Just one day after announcing price increases on both the Model S and Model X in China, electric vehicle manufacturer Tesla announced they are moving forward with a plan to build a factory in China with an annual output of 500,000 vehicles.
While Tesla’s intention to build cars in China is not new news, it’s hard not to see the connection between the price increases, the accelerated push to build in China and the looming trade war between the US and China. Tesla CEO Elon Musk has been openly working on a deal to produce his cars in China as part of his stated goal of rapid growth, saying as recently as November that a plant in Asia was “about 3 years away” but this latest development clearly shows an increased urgency. Musk also indicated production numbers would be in the neighborhood of 200,000 vehicles annually.
The South China Morning Post reported that Musk was in China Tuesday to sign a crucial agreement to begin construction immediately. The new factory will be be built in Lingang New City with the first vehicles rolling off the assembly line in the next 24 months. Tesla will likely produce their entry-level Model 3 and upcoming Model Y at the new facility.
With prices for the entry-level Model 3 and Model X SUV soaring by as much as $30,000 as the result of U.S.-imposed tariffs on vehicles exported to China, Tesla seemingly had no choice but to aggressively move forward with their China facility.

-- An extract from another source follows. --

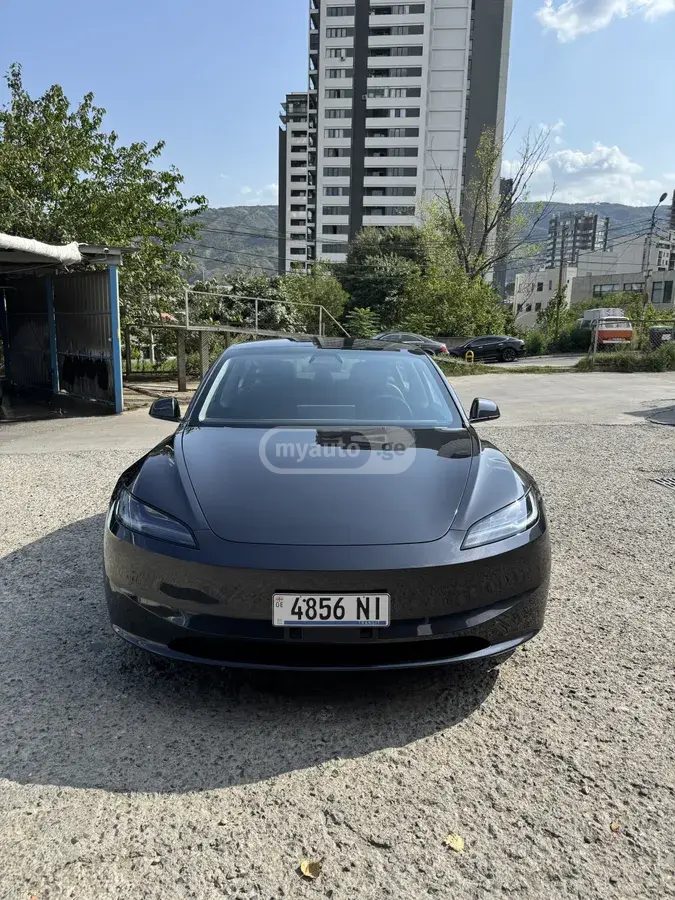 Tesla Model 3, миниатюра 4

China represents a tremendous growth opportunity for Tesla with over 770,000 “new-energy” (battery-powered, plug-in hybrid and fuel-cell) vehicles sold last year. 14,779 of those were made by Tesla which makes them the #10 brand in segment. China represented 17 percent of Tesla’s revenue in 2017 and with the Chinese government’s target of 7 million new energy vehicles by 2025 it’s not hard to see the logic in Musk’s plan. Tesla said in a press release: “Tesla is deeply committed to the Chinese market, and we look forward to building even more cars for our customers here.”